## Source material:
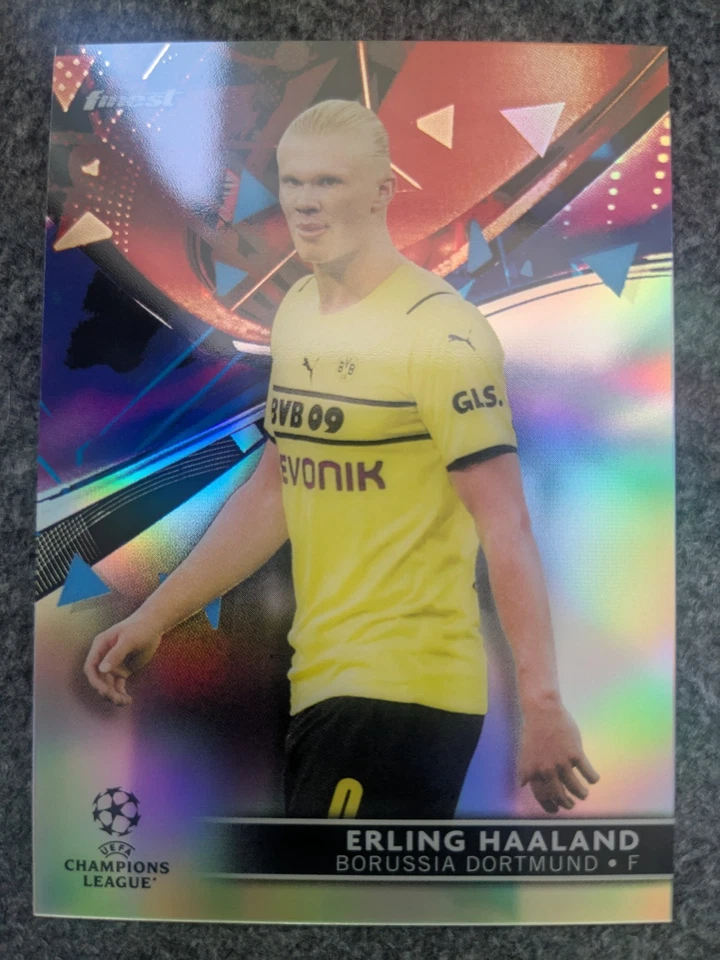 2021-22 TOPPS FINEST UEFA CHAMPIONS LEAGUE ERLING HAALAND REFRACTOR#10 - Image 1 of 1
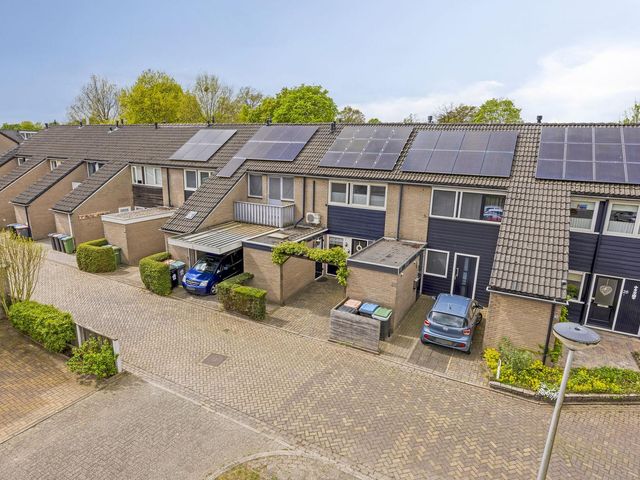 Loowaard 24, Almelo
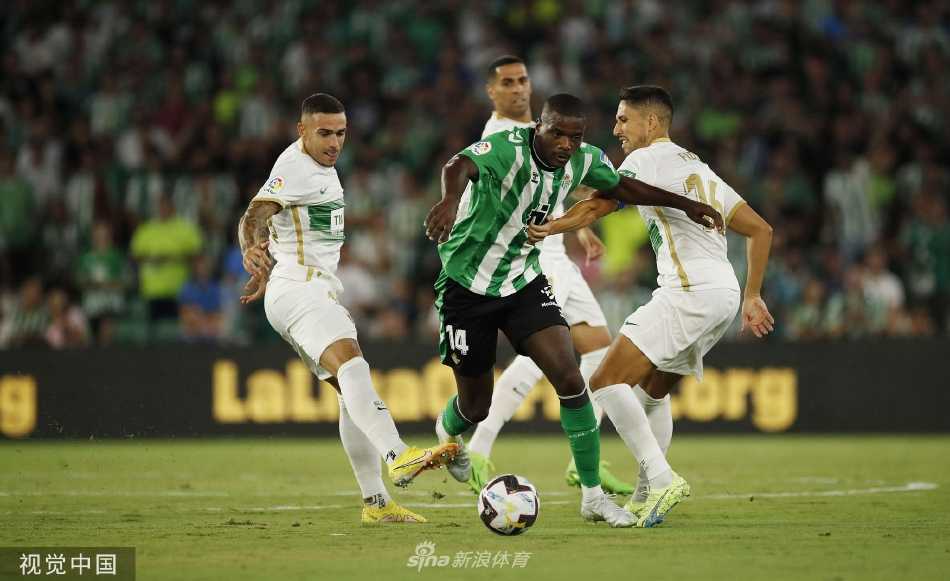 夜幕下的贝尼托·比拉马林球场灯火辉煌，绿白相间的看台座无虚席，球迷们挥舞围巾营造出火热的主场氛围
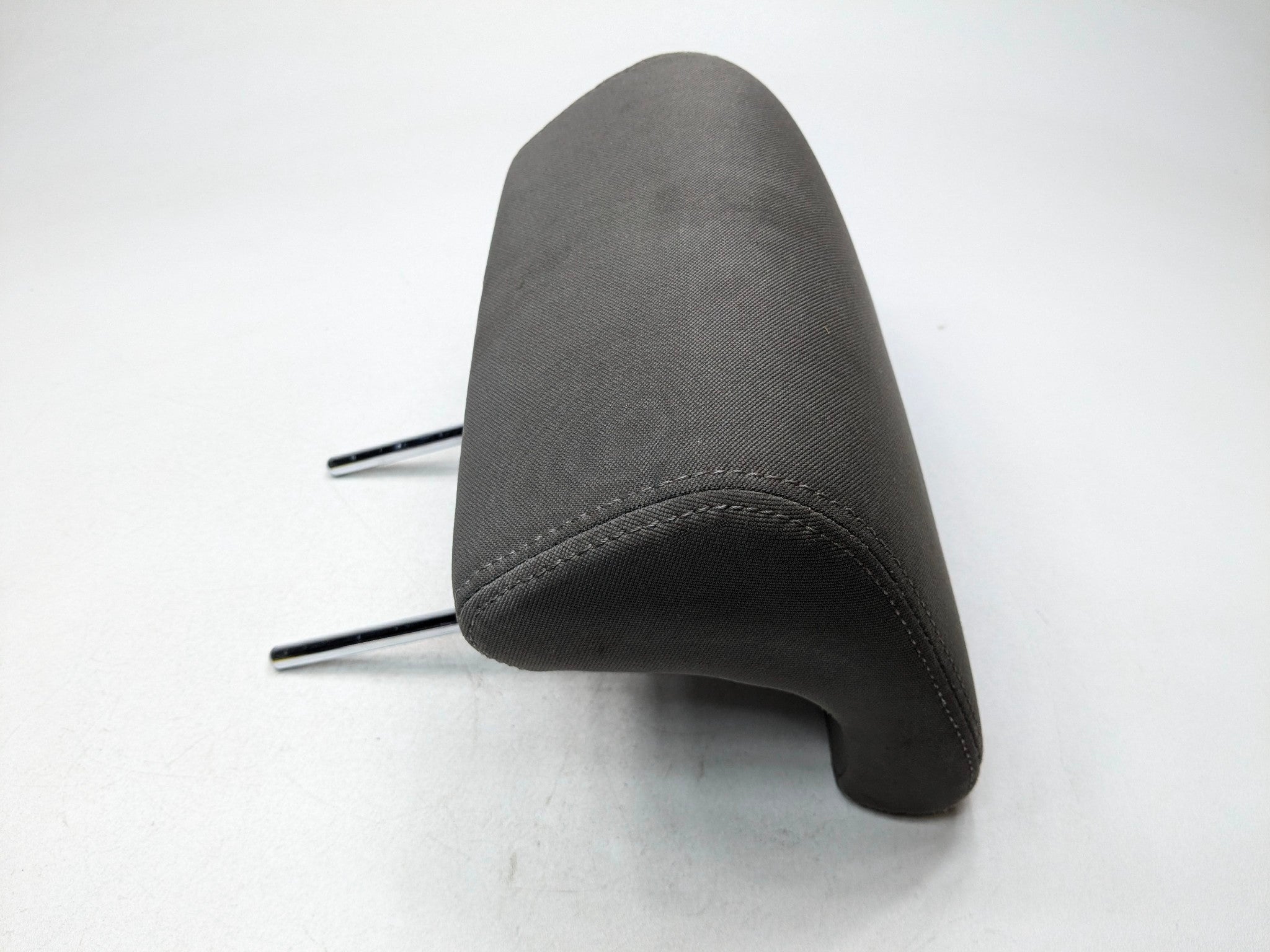 2013 - 2016 HYUNDAI SANTA FE OEM SEAT HEADREST GRAY CLOTH REAR CENTER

## Task to complete:
All of the material goes into the answer exactly as it stands, except for the pictures.

## Exercise solution:
 2021-22 TOPPS FINEST UEFA CHAMPIONS LEAGUE ERLING HAALAND REFRACTOR#10 - Image 1 of 1
 Loowaard 24, Almelo
 夜幕下的贝尼托·比拉马林球场灯火辉煌，绿白相间的看台座无虚席，球迷们挥舞围巾营造出火热的主场氛围
 2013 - 2016 HYUNDAI SANTA FE OEM SEAT HEADREST GRAY CLOTH REAR CENTER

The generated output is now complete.